The issue of international compensation for harm caused by climate change, known in UN jargon as “loss and damage,” is high on the agenda for disability rights activists, who have been pushing for their voices to be included in negotiations on this subject. 

Negotiators from developing countries have been calling for an international mechanism to address loss and damage at COP27, as they ask developed nations – which have built their wealth on unrestrained CO2 emissions – to help shoulder the financial costs that falls heavily on the shoulders of poor nations.

Rights activists say negotiators and policymakers have been overlooking how climate change impacts further exacerbate the challenges people with disabilities already face. 

Jason Boberg, a member of the disability caucus at the UN, as well as the founder of the disability climate action network SustainedAbility, says figuring out where loss and damage finance will come from and how to secure some of it for disabled people living in disaster-prone areas is “front of mind” for members of the disability caucus.

Systematically ignored

Research conducted by Human Rights Watch between March 2021 and October 2022  suggests that natural disasters or extreme weather events leave people with disabilities at higher risk of death, as well as physical and mental health impacts.
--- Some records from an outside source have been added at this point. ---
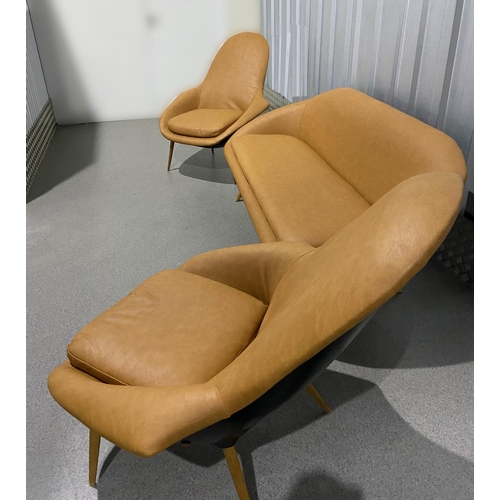 61 - A BEAUTIFUL MID-CENTURY MODERN LURASHELL ‘GEMINI’ SUITE; includes the iconic 1960s designed couch & ... 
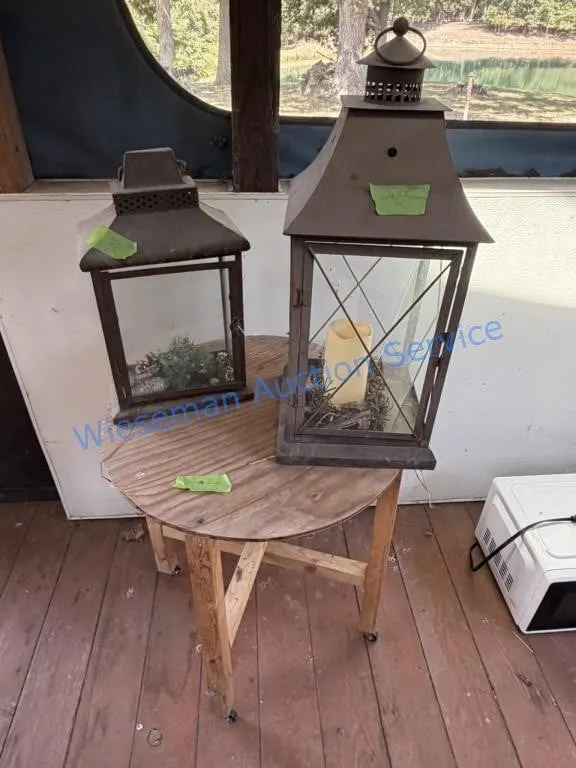 DECORATIVE LANTERNS AND END TABLE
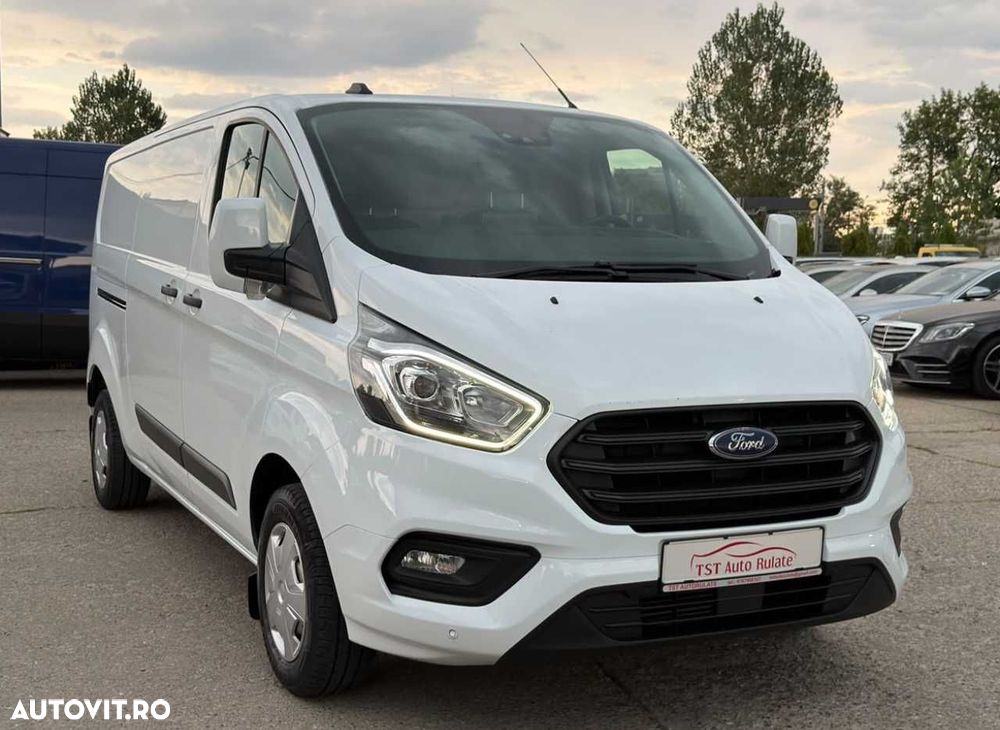 Ford TRANSIT CUSTOM L2H1 - 13
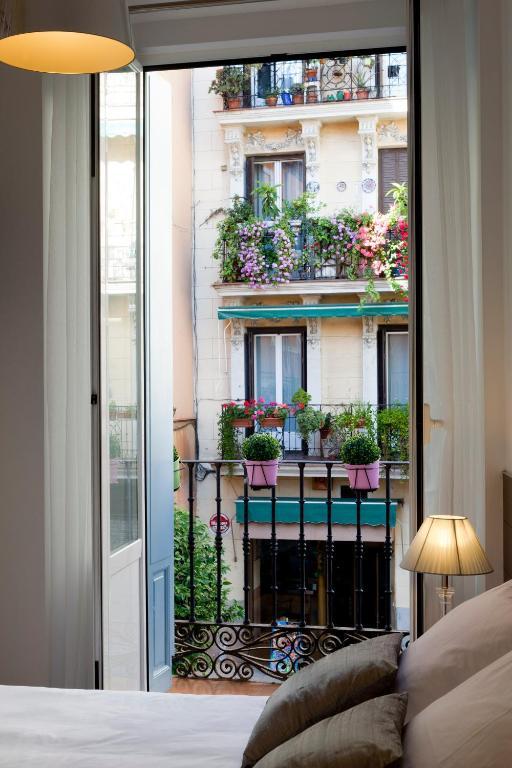 Thc Latina Hostel Madrid Exterior photo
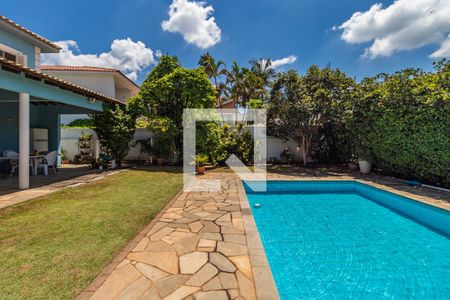 Casa à venda com 329m², 4 quartos e 4 vagas Casa à venda com 329m², 4 quartos e 4 vagasQuintal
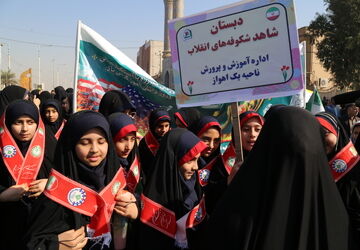 دانش‌آموزان، حافظان پیمان تاریخی ۱۳ آبان؛ تجدید میثاق با آرمان‌های امام (ره)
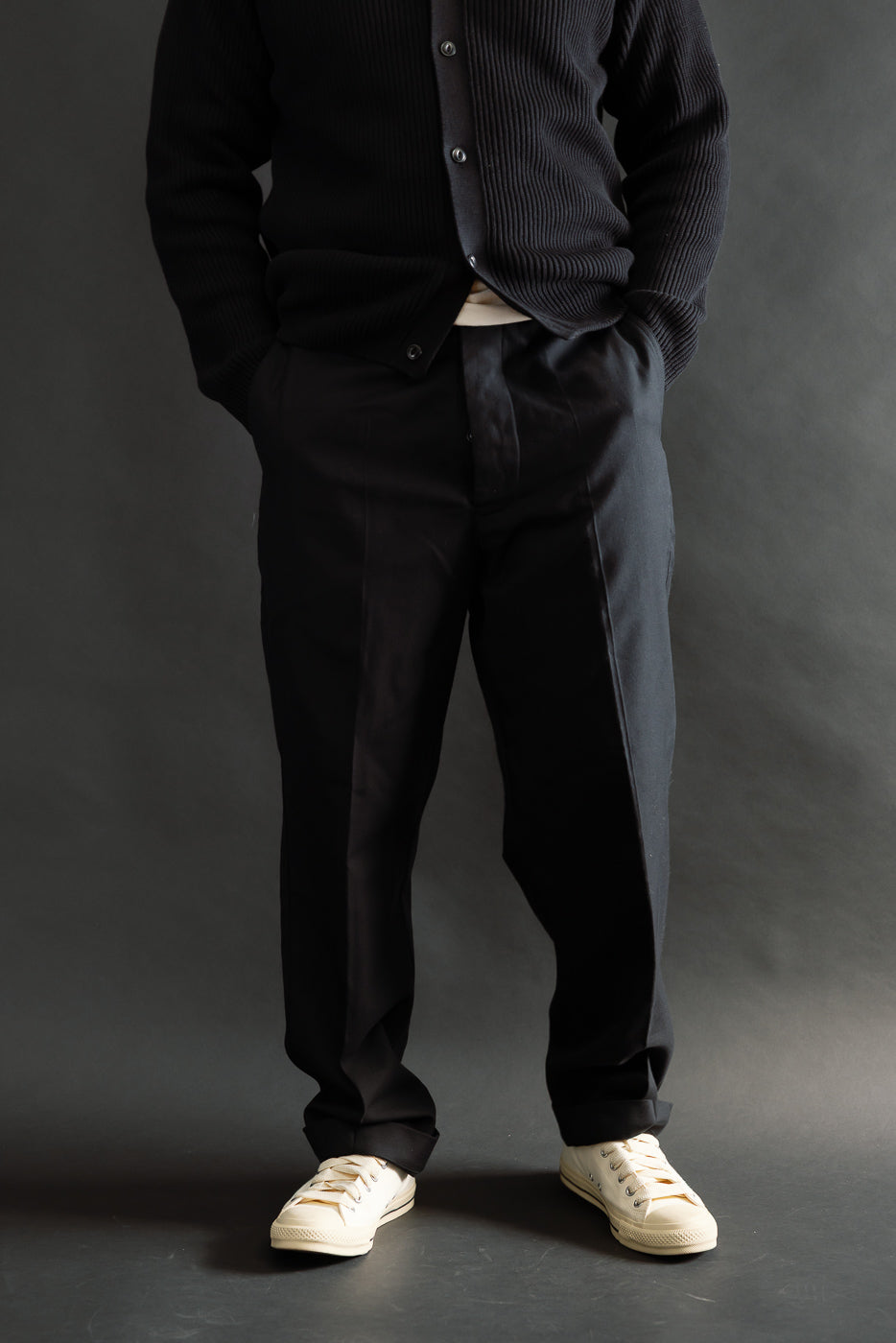 Front view, full body of male model 5'9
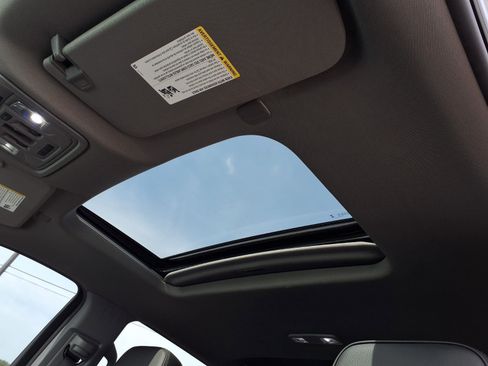 Used 2024 GMC Sierra 2500 Denali w/ Denali Reserve Package image 9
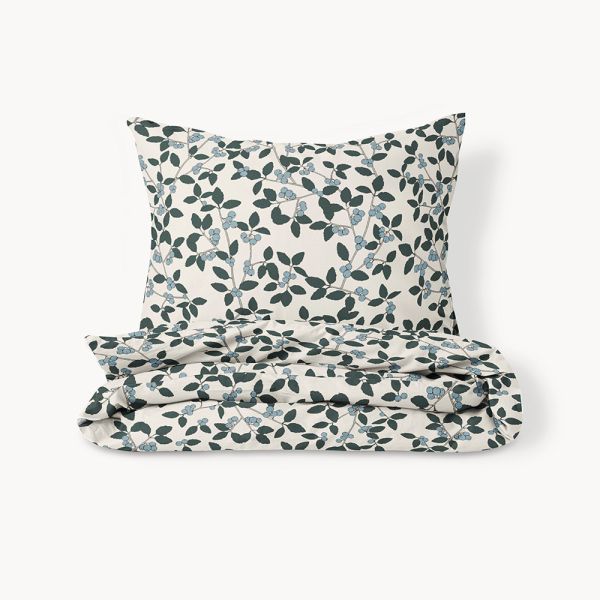 Blueberry duvet cover 140x200 cm made of cotton in beige and green from Petite Amélie 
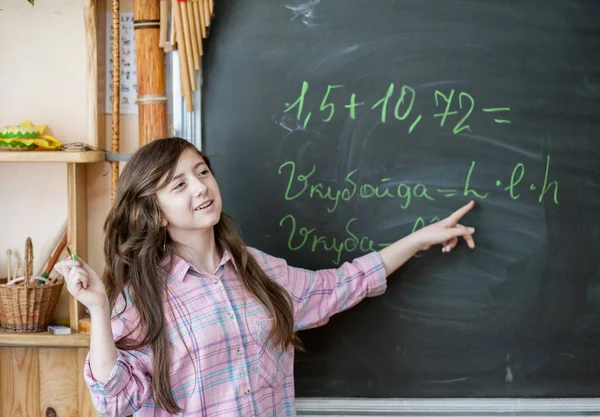 Nettes Mädchen Schulmädchen Der Nähe Der Tafel Mit Kreide Der — Stockfoto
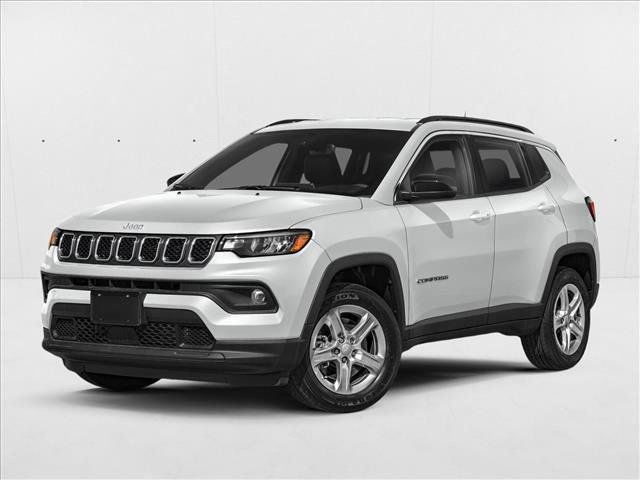 Used 2024 Jeep Compass Latitude AWD/4WD image 1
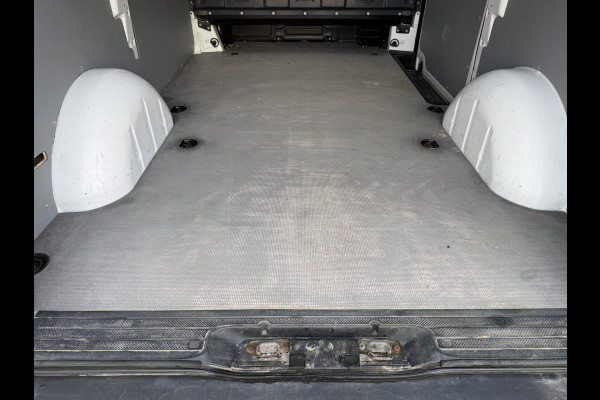 Mercedes-Benz Vito 114 1.9 CDI Automaat L2H1 Climate Control Adaptieve Cruise Side Bars Camera Carplay Trekhaak Stoelverwarming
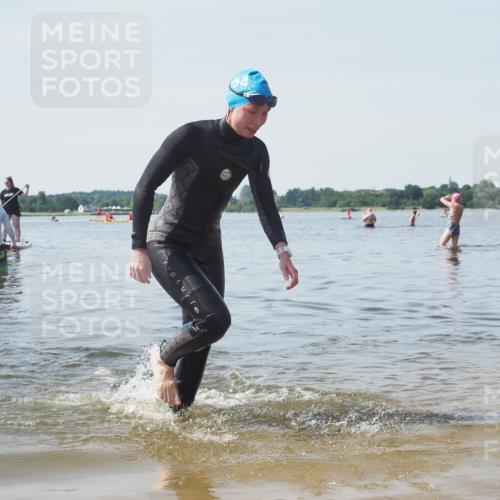 22.06.2025 - Viking Triathlon KatJ http://msf.ph/oto/8123601 22.06.2025 10:55:33 Schwimmen 246, 472 meine-sportfotos.de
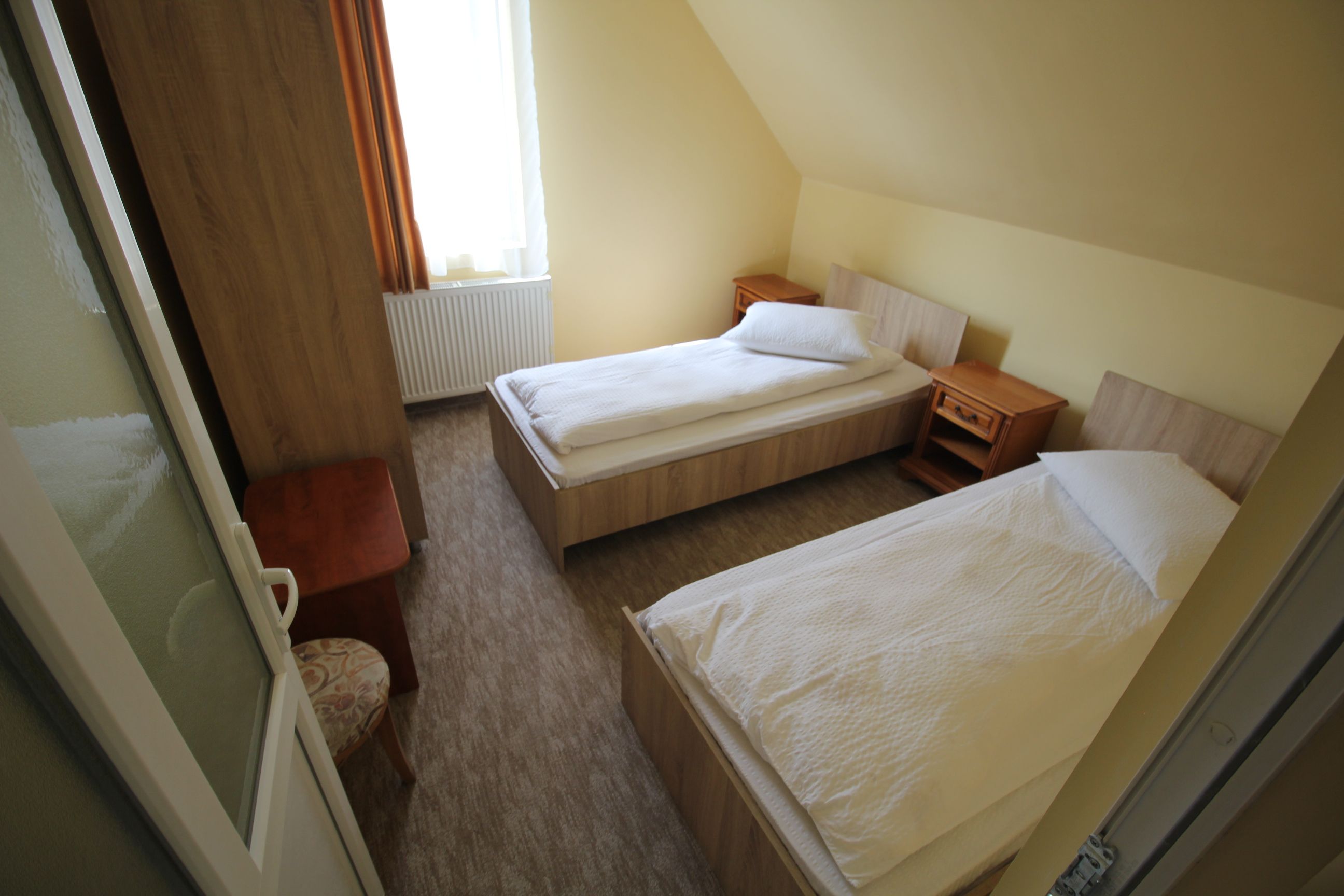 Casa 4 camere,4 bai,1 bucatarie,1 living,120 mp,500mp teren — fotografia 15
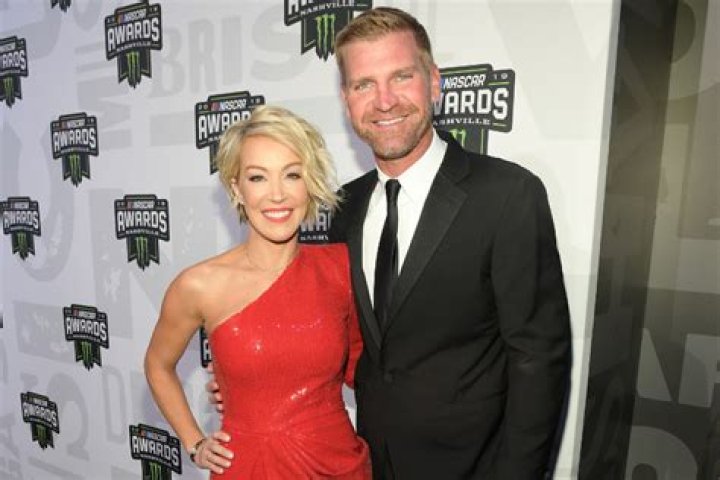 Who Is Lorra Bowyer (Clint Bowyer Wife)? Married Life, Career, Children
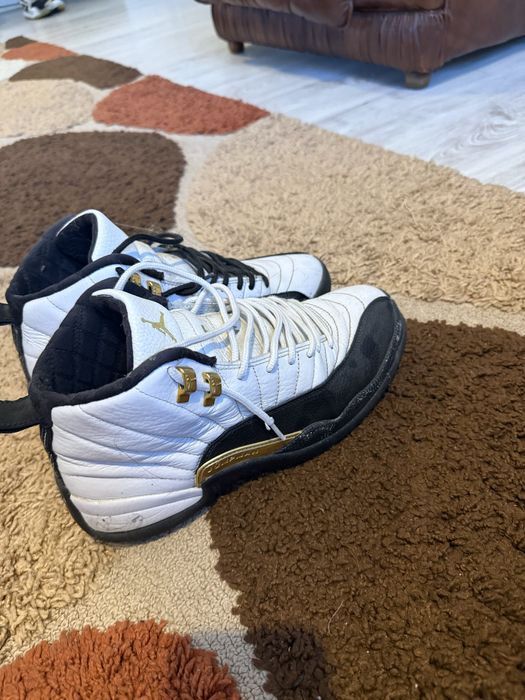 Adidasi Jordan 12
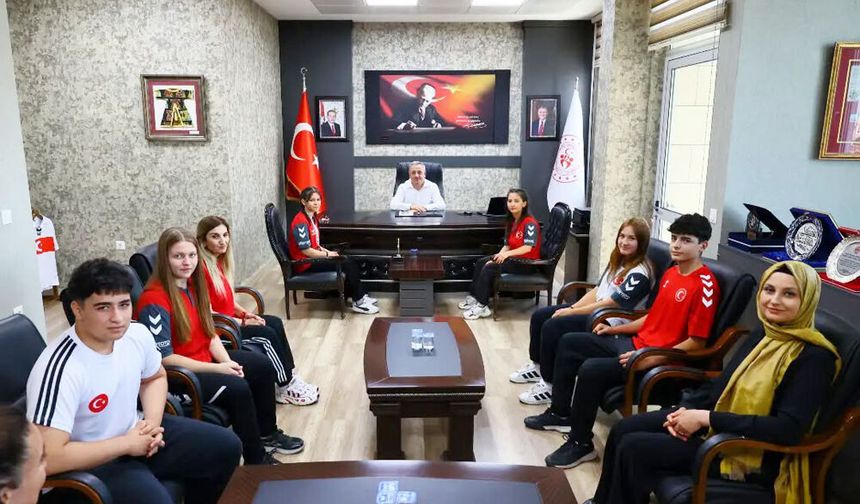 ŞAMPİYONLAR BAŞARIYI PAYLAŞTI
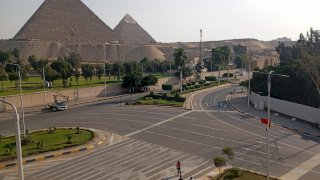 الجيزة تجمل وترفع كفاءة الطرق المؤدية للمتحف المصري الكبير والأهرامات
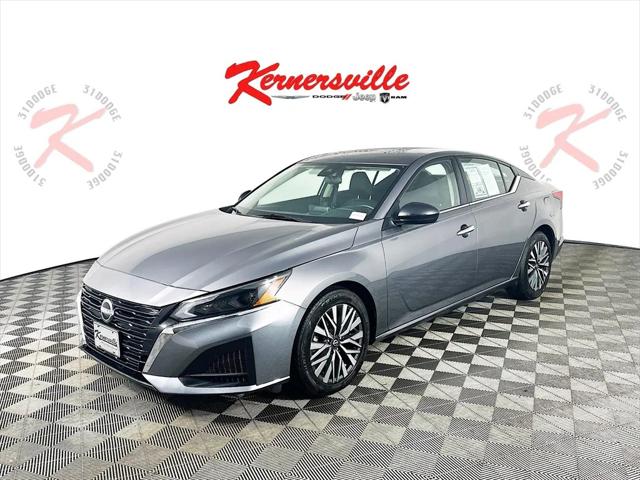 2024 Nissan Altima SV FWD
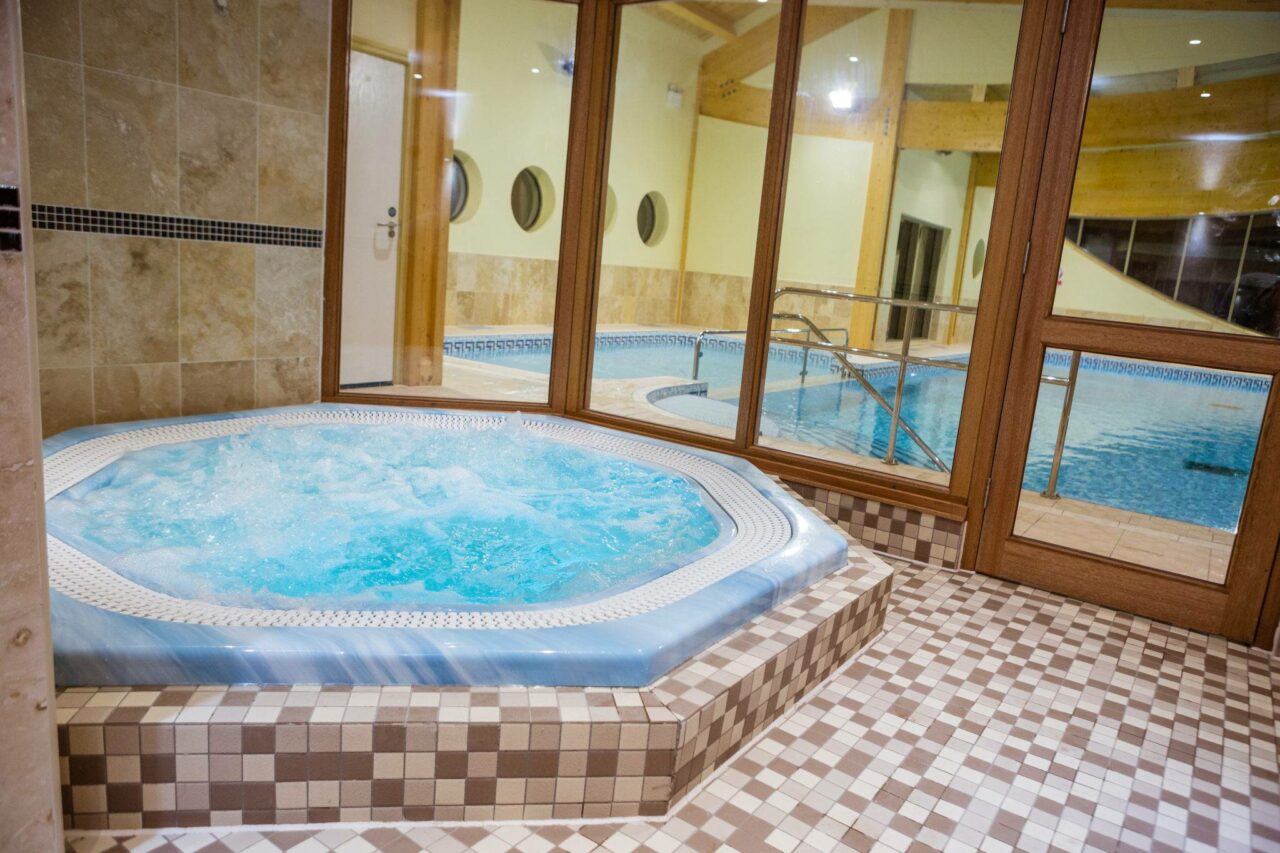 Silver-Bay-Spa-and-Leisure-Complex-Jacuzzi-3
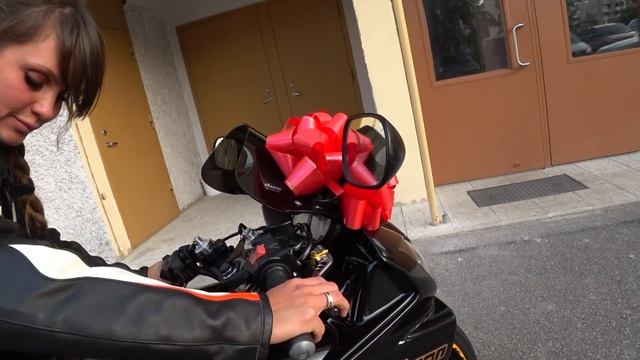 HONDA CBR 600 Подарок на День Рождения любимой! СЮРПРИЗ смотреть онлайн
A research paper published earlier this year by McGill University and the International Disability Alliance found that few countries around the world account for the needs of people with disabilities in their climate adaptation plans. None mentioned disabled people in their programmes to reduce greenhouse gas emissions.

What’s next

Boberg said one of the next goals will be formal elevation of the new caucus to the level of a “constituency” within COP – an umbrella organisation or coalition.

He also said it is important for people with disabilities to be included in the UN's Action for Climate Empowerment short-term action plan, which will be hashed out in the coming days. 

More than one billion people in the world live with a disability, according to the World Health Organization.